Lender A quoted 6 percent with $2,000 in points and Lender B quoted 6 percent with $3,000 in points. Because of the different lender charges, Lender B's APR would be higher, indicating the lender charged more in fees.

Let's review the APR for this same example on a $200,000 mortgage and a 30-year fixed-rate loan.

Appraisal

$ 350

$ 350

Credit Report

$ 20

$ 20

Points

$2,000

$3,000

Processing

$ 400

$ 400

Total

$2,770

$3,770

Note Rate

6.00%

6.00%

APR

6.13%

6.18%

Lender B's APR is higher than Lender A's and shows that Lender B is charging more in fees.

Used properly, the APR shows who has the best deal. But you must take certain precautions because that number, too, can be manipulated.

To properly compare APRs, make sure your note rates are exactly the same on the very same loan program. APR comparisons won't work very well if note rates are different. Second, make sure the loan officer doesn't include any prepaid interest charges.

Prepaid (per diem) interest is a factor when calculating APR. As you may recall, prepaid interest will be lower if you close at the end of the month and higher if you close toward the first of the month.
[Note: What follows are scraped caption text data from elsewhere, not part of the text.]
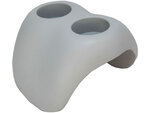 LOT DE 2 APPUIE-TETES ET 1 PORTE-GOBELET POUR SPA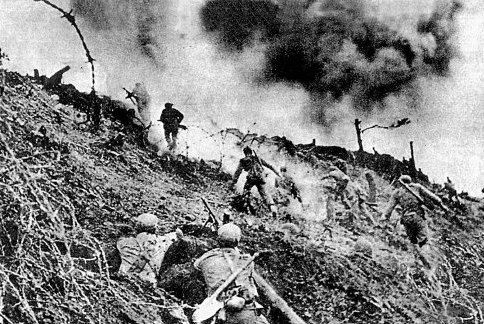 志願軍退守坑道，範佛里特：按硫磺島經驗打肯定贏，結果慘遭打臉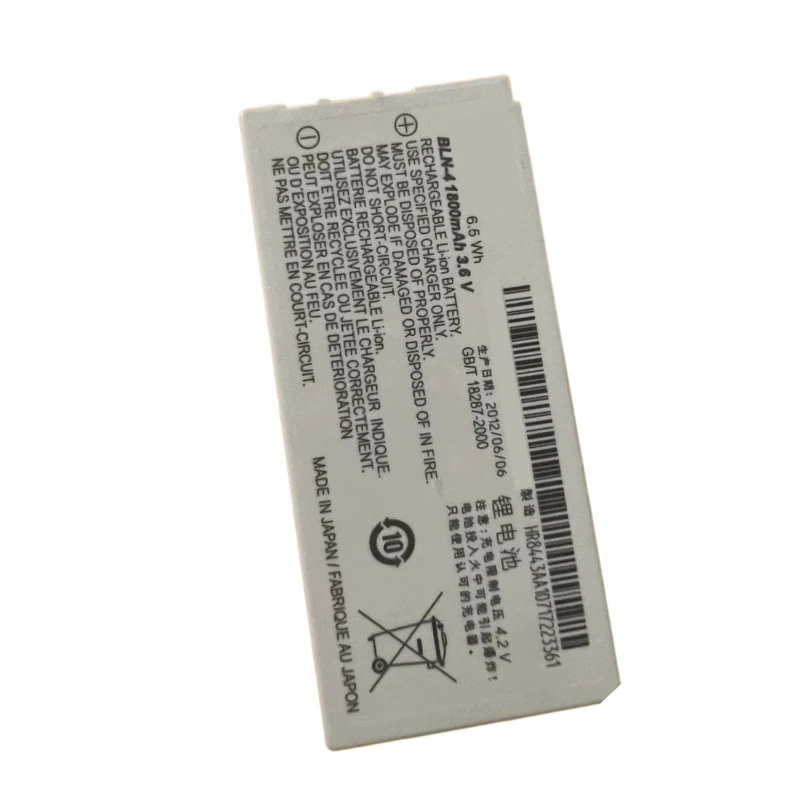 Upgrade BLN-4 1800mAh 3.6V Rechargeable Battery for Nokia THR850 THR880 THR880i THR880i Walkie Talkie Replacement Batteries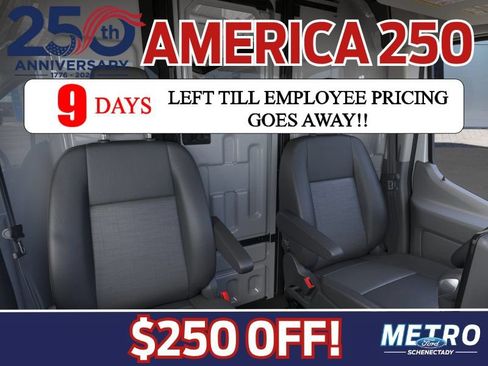 New 2026 Ford Transit 250 148 Medium Roof Extended AWD image 10
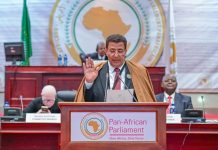 Sécurité en Afrique: Boutebig appelle à une coopération accrue entre le PAP et le CPS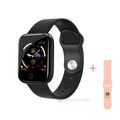Montre intelligente de luxe, NOUVEAU style, en acier inoxydable, pour femmes et hommes, électronique, sport, bracelet, pour Android IOS, montre connectée carrée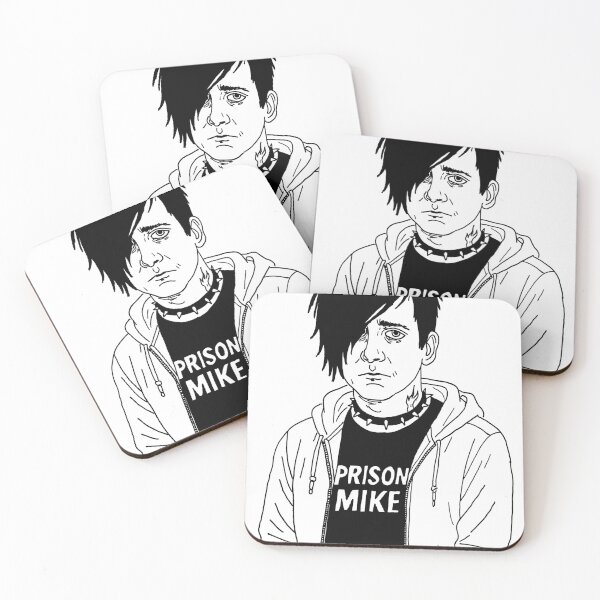 Item preview, Emo Michael Scott designed and sold by Purrgatory Pop.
If you know you're closing on the 20th, make sure that all lender quotes include the exact same number of days of prepaid interest in their calculations. For best results, have them calculate the APR with zero days of prepaid interest charges.
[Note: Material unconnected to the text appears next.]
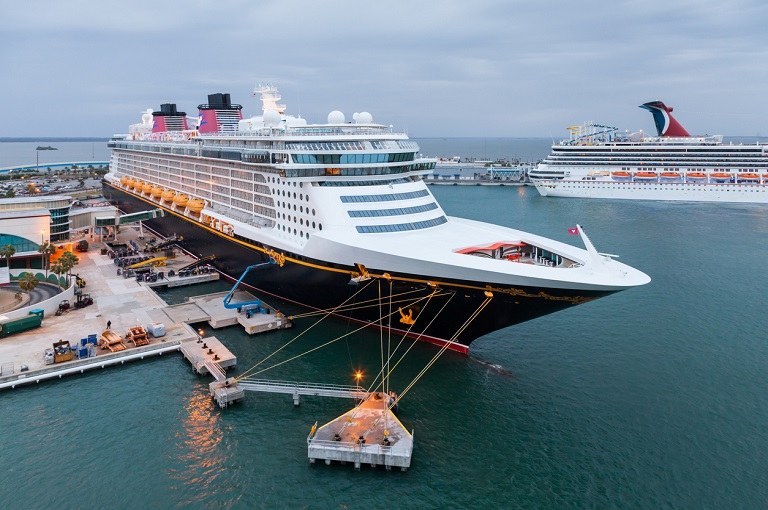 Disney Wish nuevo barco cruceros Disney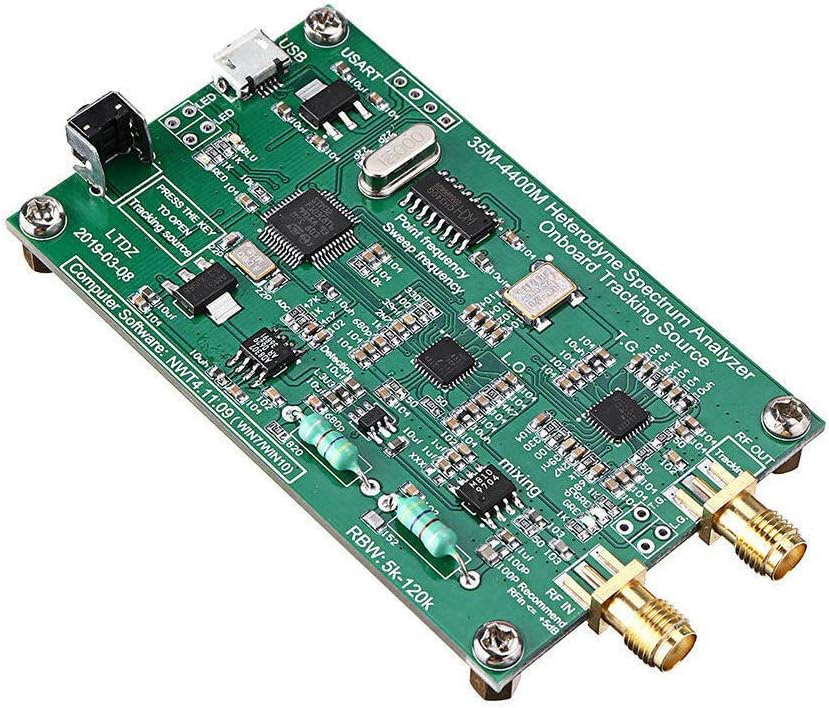 analizzatori di segnale rf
Because APR comparisons only work when the loan terms are the same, you can't compare a fixed rate with an adjustable rate or a hybrid. And comparing different loan terms won't work either.

But the APR is a good, quick way to tell who might be loading up on lender fees — as long as you're comparing the exact same loan terms and note rate.

Another easy way to compare good-faith estimates: Simply disregard nonlender charges altogether. This is what I call “comparing the 800 series.”

Because the 800 series are the only charges the loan officer can accurately quote, comparing nonlender charges on the good-faith estimate is a waste of time.

Loan officers have a fairly good grip on closing costs. But a mortgage broker may not know exactly who the lender will ultimately be. Wholesale lenders who work with mortgage brokers have different fees.